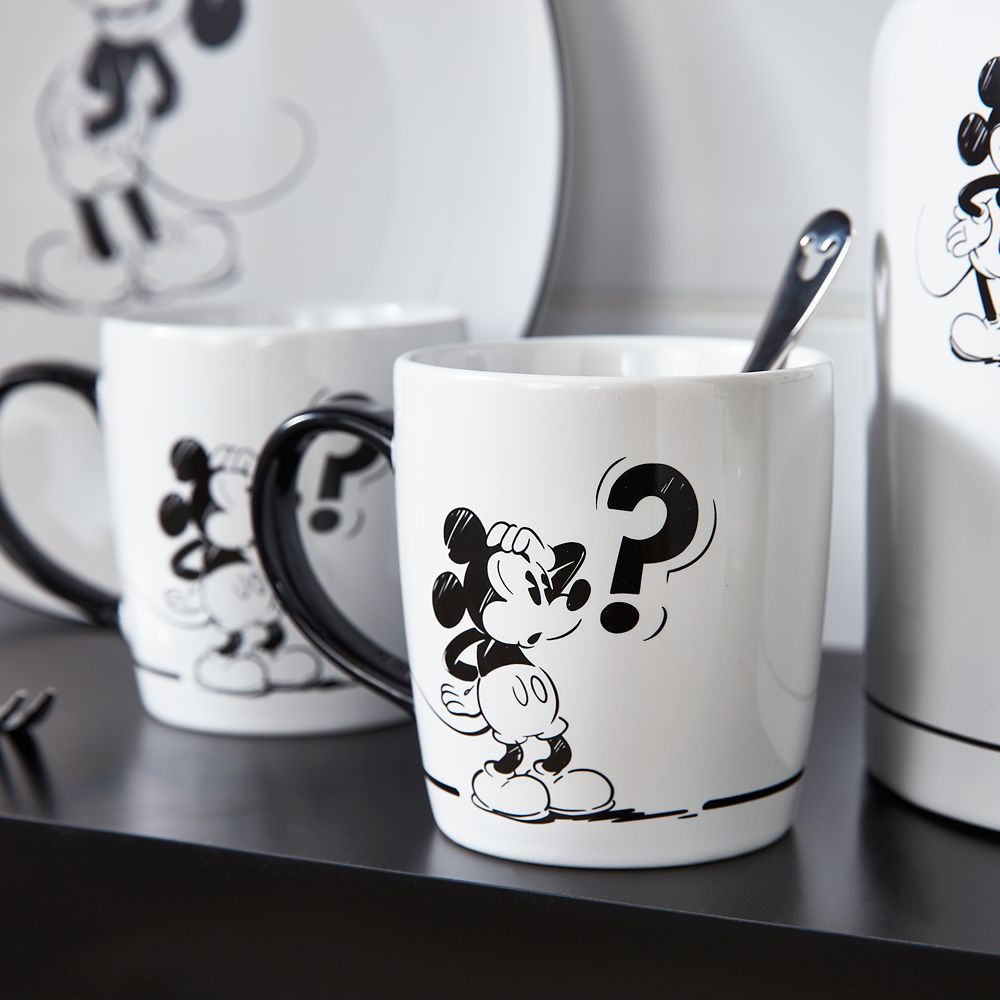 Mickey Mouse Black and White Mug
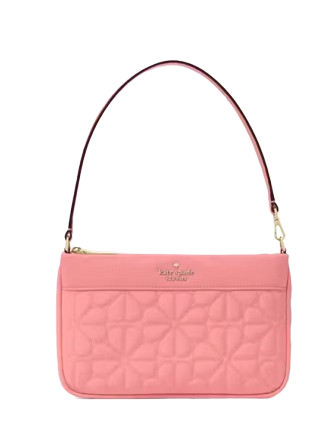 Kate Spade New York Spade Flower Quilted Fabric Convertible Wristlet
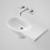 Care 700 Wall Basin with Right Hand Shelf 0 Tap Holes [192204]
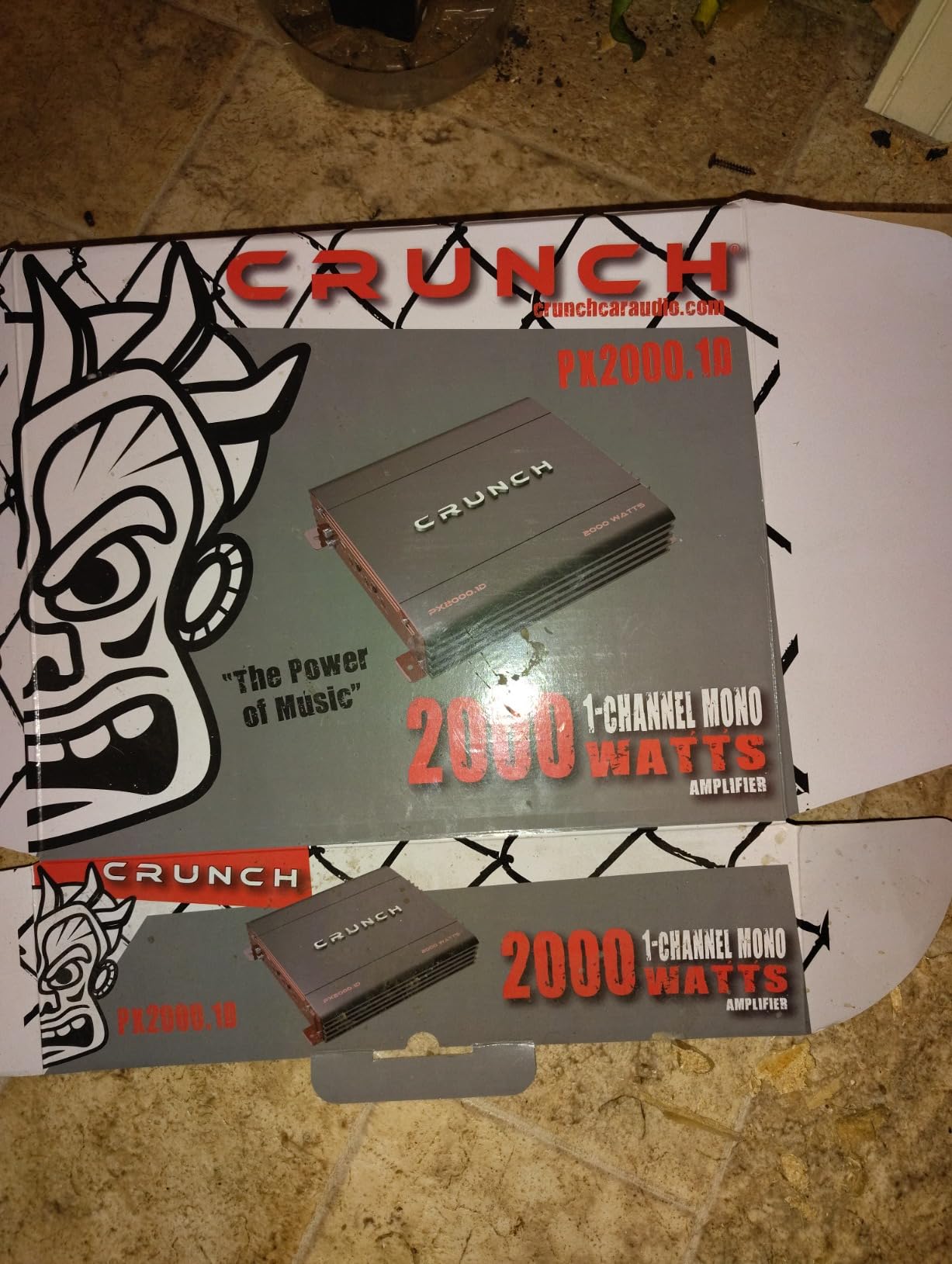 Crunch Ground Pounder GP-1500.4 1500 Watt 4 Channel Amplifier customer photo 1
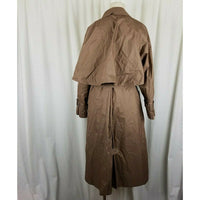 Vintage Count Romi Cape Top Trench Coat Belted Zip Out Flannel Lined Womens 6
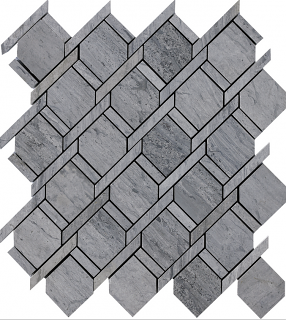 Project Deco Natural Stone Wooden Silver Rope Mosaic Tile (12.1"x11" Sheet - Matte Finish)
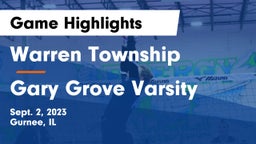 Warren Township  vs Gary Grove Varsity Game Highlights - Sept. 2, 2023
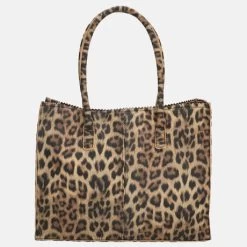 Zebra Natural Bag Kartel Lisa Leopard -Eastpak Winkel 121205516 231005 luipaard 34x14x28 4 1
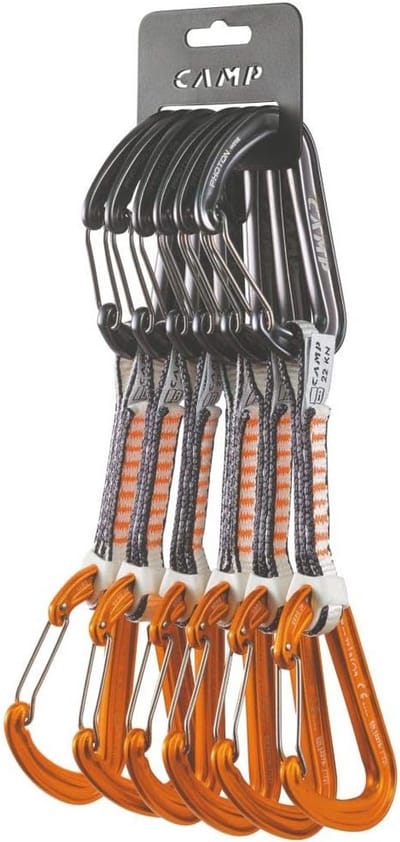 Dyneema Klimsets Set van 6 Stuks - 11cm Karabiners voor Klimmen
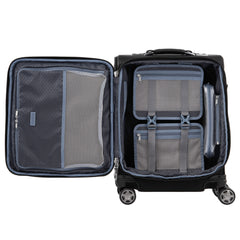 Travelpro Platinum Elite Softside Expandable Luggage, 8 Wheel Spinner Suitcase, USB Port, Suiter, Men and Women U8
# # # # # # #
TASK TO CARRY OUT> The listing above should be returned word for word, with pictures omitted.

RESULT OF THE EXERCISE>
 Mickey Mouse Black and White Mug
 Kate Spade New York Spade Flower Quilted Fabric Convertible Wristlet
 Care 700 Wall Basin with Right Hand Shelf 0 Tap Holes [192204]
 Crunch Ground Pounder GP-1500.4 1500 Watt 4 Channel Amplifier customer photo 1
 Vintage Count Romi Cape Top Trench Coat Belted Zip Out Flannel Lined Womens 6
 Project Deco Natural Stone Wooden Silver Rope Mosaic Tile (12.1"x11" Sheet - Matte Finish)
 Warren Township  vs Gary Grove Varsity Game Highlights - Sept. 2, 2023
 Zebra Natural Bag Kartel Lisa Leopard -Eastpak Winkel 121205516 231005 luipaard 34x14x28 4 1
 Dyneema Klimsets Set van 6 Stuks - 11cm Karabiners voor Klimmen
 Travelpro Platinum Elite Softside Expandable Luggage, 8 Wheel Spinner Suitcase, USB Port, Suiter, Men and Women U8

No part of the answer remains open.